Excerpted records:
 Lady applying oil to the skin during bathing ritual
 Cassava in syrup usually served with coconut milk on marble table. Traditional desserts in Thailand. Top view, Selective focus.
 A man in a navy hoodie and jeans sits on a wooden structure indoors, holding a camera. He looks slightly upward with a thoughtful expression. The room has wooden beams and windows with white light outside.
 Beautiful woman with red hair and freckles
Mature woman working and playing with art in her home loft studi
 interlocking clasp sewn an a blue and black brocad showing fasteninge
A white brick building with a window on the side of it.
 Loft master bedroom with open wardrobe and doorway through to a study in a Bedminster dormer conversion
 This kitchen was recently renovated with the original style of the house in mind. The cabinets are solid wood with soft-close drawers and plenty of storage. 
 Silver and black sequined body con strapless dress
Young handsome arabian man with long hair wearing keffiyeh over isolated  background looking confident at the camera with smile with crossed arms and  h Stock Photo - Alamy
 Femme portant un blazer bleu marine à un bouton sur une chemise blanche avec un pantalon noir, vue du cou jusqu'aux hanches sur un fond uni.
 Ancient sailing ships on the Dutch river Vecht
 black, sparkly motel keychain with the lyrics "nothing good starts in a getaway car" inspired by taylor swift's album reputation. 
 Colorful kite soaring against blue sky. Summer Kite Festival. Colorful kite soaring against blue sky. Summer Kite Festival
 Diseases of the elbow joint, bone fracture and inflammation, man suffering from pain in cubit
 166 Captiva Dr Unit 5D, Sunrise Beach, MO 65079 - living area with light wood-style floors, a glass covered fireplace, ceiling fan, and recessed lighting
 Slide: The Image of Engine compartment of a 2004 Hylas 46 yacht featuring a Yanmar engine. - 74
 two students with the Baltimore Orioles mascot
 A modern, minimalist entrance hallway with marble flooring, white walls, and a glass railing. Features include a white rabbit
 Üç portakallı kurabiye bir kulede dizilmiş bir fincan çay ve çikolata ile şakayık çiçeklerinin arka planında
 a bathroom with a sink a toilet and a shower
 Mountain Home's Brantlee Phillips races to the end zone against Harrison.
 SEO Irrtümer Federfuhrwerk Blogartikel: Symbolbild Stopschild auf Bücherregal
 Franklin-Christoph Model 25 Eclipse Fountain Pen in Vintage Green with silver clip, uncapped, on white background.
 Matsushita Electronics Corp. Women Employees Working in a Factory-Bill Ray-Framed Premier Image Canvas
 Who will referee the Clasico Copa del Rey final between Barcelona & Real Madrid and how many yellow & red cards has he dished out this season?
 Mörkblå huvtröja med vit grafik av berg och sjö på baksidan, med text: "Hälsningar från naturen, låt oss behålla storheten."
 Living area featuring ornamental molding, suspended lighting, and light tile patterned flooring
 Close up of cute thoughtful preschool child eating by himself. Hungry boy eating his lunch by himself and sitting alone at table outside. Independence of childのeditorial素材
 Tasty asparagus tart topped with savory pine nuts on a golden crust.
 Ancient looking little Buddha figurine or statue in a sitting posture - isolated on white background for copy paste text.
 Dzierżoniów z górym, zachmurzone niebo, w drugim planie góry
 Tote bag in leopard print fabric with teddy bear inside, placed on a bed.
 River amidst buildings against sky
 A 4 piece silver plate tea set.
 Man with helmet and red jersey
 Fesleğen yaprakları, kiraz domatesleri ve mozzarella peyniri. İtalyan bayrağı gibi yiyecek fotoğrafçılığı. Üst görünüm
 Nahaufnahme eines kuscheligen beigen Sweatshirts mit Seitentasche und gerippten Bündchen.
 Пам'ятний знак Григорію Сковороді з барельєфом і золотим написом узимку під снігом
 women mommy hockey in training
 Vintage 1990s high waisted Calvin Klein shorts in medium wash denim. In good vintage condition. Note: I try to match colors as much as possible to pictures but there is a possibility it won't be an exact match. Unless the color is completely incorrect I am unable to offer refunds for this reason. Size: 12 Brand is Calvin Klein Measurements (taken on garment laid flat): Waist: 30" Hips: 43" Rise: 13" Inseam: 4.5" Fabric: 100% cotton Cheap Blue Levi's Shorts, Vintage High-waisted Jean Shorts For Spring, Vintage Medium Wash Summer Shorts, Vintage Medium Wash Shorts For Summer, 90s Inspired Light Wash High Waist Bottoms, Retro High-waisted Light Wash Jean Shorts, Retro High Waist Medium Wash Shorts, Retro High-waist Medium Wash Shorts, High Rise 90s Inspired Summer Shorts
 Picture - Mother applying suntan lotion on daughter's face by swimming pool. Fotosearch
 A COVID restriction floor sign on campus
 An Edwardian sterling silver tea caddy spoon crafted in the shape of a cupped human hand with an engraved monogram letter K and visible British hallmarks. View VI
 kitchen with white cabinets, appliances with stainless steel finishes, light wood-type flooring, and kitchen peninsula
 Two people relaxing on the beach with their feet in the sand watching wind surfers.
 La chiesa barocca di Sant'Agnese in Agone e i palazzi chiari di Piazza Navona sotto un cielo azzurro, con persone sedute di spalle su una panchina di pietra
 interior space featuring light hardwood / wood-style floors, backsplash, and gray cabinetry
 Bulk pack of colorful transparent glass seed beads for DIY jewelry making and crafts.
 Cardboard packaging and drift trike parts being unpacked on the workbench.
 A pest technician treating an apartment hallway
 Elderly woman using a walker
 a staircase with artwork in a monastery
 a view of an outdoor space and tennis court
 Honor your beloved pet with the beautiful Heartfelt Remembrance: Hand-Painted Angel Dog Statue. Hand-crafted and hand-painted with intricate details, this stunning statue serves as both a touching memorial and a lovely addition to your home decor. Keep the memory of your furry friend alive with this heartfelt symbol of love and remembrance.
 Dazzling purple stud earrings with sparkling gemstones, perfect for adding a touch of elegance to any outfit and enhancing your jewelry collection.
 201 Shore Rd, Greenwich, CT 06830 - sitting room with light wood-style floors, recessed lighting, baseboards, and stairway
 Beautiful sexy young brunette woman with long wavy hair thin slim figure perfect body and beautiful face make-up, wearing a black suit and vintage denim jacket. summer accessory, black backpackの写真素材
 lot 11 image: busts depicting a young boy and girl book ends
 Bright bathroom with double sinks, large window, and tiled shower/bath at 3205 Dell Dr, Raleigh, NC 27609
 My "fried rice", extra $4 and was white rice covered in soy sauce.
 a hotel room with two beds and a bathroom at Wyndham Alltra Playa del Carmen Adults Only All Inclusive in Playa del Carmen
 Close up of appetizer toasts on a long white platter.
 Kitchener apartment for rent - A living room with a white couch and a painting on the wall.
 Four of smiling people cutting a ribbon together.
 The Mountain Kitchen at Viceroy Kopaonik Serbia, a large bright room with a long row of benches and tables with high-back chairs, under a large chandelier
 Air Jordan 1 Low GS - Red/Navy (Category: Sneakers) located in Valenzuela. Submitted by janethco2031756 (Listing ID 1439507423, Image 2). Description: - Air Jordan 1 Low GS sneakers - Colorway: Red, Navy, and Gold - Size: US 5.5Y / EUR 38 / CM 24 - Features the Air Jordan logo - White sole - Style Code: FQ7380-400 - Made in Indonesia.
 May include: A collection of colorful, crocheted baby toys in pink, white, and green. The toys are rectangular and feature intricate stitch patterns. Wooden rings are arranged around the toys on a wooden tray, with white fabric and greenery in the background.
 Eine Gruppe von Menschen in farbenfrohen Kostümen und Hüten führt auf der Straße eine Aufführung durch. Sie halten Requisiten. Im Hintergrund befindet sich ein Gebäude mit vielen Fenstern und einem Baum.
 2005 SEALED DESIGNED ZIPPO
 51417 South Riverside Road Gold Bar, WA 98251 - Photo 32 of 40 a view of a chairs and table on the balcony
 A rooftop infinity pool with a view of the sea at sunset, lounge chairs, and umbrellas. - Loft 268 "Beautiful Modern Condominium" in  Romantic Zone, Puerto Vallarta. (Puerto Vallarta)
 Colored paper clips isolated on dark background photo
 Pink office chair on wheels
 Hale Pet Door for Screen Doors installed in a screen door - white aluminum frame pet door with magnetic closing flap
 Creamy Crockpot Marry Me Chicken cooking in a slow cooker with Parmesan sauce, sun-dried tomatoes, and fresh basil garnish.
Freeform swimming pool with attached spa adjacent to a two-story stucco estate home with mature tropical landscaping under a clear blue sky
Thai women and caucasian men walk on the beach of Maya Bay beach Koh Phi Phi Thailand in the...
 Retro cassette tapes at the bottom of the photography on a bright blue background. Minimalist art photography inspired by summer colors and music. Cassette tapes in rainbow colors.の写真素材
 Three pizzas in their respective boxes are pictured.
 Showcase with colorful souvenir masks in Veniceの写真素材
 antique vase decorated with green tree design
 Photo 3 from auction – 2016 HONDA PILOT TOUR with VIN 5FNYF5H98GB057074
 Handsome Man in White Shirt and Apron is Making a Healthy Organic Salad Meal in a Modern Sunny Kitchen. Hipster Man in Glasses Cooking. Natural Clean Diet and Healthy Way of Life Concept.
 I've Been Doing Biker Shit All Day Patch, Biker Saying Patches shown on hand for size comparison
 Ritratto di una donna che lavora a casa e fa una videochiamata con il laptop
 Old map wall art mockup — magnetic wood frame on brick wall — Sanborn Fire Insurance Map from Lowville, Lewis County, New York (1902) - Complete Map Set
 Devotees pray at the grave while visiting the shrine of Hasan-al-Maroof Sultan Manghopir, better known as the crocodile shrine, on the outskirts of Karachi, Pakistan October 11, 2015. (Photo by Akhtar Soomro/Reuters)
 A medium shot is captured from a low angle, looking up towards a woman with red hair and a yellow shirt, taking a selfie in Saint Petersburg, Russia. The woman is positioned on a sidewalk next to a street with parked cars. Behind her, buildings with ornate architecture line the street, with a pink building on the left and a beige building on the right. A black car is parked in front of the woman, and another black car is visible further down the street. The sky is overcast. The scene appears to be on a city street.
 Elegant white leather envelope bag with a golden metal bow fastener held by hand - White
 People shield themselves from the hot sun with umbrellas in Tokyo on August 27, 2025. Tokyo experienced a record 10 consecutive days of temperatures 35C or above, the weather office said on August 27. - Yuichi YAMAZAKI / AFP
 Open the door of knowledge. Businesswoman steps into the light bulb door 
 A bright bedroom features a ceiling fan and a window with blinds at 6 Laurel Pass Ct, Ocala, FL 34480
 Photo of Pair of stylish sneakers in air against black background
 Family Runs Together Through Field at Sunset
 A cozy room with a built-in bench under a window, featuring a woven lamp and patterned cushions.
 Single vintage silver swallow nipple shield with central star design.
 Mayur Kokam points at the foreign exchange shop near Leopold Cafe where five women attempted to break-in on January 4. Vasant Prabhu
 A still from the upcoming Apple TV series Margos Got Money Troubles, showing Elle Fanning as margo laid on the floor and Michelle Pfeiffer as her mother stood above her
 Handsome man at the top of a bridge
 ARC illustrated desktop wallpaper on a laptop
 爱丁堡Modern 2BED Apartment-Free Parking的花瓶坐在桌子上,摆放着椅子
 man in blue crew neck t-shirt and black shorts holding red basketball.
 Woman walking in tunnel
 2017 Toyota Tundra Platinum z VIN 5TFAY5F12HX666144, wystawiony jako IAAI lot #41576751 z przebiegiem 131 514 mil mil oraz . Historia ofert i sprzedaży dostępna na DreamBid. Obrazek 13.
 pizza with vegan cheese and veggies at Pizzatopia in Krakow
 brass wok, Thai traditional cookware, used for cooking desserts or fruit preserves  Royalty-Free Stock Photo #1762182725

Your instructions: Verbatim output is expected for the lines from the start of the data to the line in which "A man in a navy" appears, both included.

Exercise output:
 Lady applying oil to the skin during bathing ritual
 Cassava in syrup usually served with coconut milk on marble table. Traditional desserts in Thailand. Top view, Selective focus.
 A man in a navy hoodie and jeans sits on a wooden structure indoors, holding a camera. He looks slightly upward with a thoughtful expression. The room has wooden beams and windows with white light outside.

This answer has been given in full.